_WHAT YOU HAVE TO DO_
Write out the listing below character for character, though without its pictures.

_DATA_

——

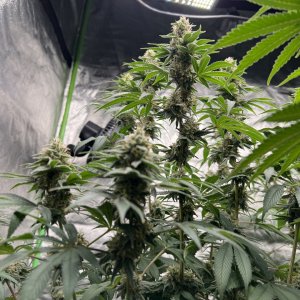 Banner 76 and day 38 of flower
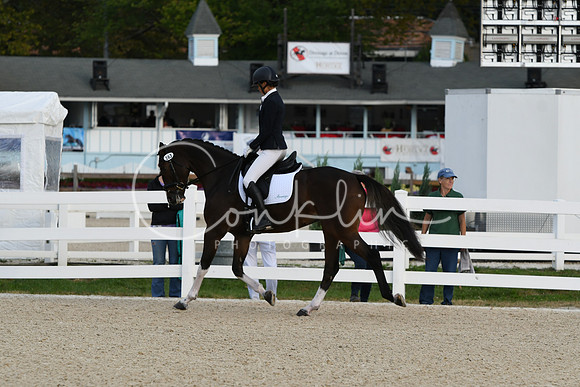 HSM_0390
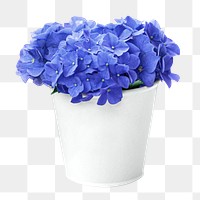 Blue hydrangea png flower, transparent background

——

_YOUR RESPONSE_
 Banner 76 and day 38 of flower
 HSM_0390
 Blue hydrangea png flower, transparent background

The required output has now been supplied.